Eight educators from Metropolitan University College and the University of Copenhagen have just completed the course in incorporating health challenges into teaching and are now preparing to put their new knowledge into play.
It is the third and last day of the course, and the participants are eagerly debating. The past two days they have listened to presentations and participated in workshops on incorporating innovation and entrepreneurship into their own teaching. Now they are bringing their new knowledge into play while discussing how to act as educators in this new context.
Students are presented with challenges from practice
The participants from Metropolitan University College will all be teaching a cross-disciplinary course on People with Cancer. Here 35 of the 140 students will receive a different form of teaching focussing on innovation. The students will be presented with a challenge from practice on the subject People with Cancer, and during a ten-week period they will work on the challenge and spend four days at a practice institution.
From expert to FaciliMaster
The educators therefore focus on getting a more facilitating role and not having to know everything, but instead being able to support the students and assist them in their innovation process.
‘I do not like the word facilitator. It sounds like there are no boundaries. On the other hand, the boundaries should not be too narrow – there must be room for innovation through working with solutions’, says one of the participants.

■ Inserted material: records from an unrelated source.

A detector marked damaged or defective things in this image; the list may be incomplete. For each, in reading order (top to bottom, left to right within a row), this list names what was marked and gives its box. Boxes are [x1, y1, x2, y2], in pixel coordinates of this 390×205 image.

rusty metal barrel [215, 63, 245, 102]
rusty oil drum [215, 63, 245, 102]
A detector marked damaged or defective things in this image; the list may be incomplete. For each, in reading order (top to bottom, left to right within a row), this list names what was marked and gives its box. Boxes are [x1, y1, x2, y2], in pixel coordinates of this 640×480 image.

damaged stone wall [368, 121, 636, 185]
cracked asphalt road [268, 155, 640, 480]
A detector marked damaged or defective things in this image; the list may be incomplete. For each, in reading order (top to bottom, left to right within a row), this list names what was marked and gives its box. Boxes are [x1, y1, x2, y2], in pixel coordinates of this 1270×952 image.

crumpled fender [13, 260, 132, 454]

After some discussion, they agree that they will function as FaciliMasters – a combination of facilitator and game master – which indicates planned facilitation within a framework that is not too specific, but where there is room for playing with crazy ideas.

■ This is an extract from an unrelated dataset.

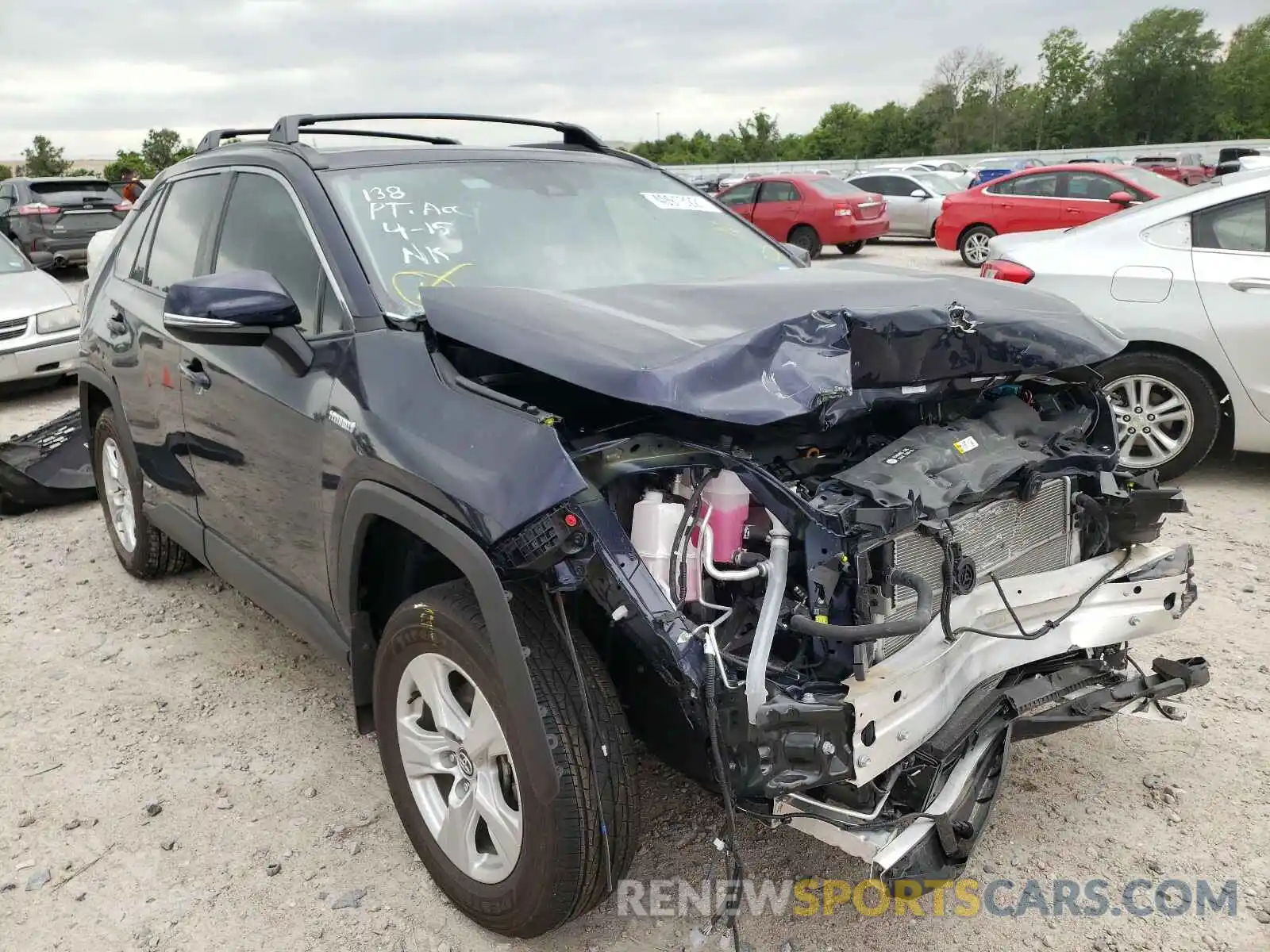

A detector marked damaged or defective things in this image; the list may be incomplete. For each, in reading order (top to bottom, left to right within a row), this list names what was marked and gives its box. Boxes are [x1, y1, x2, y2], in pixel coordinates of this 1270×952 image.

damaged dark blue suv [74, 111, 1203, 939]
torn metal panel [416, 263, 1122, 424]
crumpled hood [421, 261, 1127, 424]
broken headlight area [490, 373, 1203, 889]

Presentations by all knowledge institutions
Over the past three days the educators have listened to presentations by a diverse group of experts, each of whom has offered their unique professional approach to innovation and entrepreneurship. In the true spirit of CHI, the experts have come from both the University of Copenhagen, Copenhagen Business School, the Technical University of Denmark and Metropolitan University College to inspire the educators to consider the new methods used in the course. And it has worked. The educators are happy to have gained insight into other perspectives: ‘E.g. coupling ideas and value creation was new to me. But taking real life as one’s starting point and considering value creation in that context is quite interesting’, says another participant. The others agree, adding that the combination of educators from Metropol and the University of Copenhagen have provided valuable inputs and external perspectives.

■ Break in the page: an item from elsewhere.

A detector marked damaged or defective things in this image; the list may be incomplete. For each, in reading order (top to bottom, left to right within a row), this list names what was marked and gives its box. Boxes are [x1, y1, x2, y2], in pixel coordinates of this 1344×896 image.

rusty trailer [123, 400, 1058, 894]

Great insecurity replaced by practical insight
Innovation Consultant at Metropolitan University College Werner Sperschneider, who is an integrated part of CHI, is responsible for the course. He says that the educators showed great insecurity on the first day with regard to incorporating innovation into their teaching. But they have become more comfortable with that reality. One of the participants adds: ‘The course has shown us how to do it in practice. And that it may not be such a radical change, but instead an adjustment of some of the things we are already doing’, she says.
The educators from Metropolitan University College will introduce innovation in the form of a challenge from practice into their teaching in the course People with Cancer, which runs from February to April.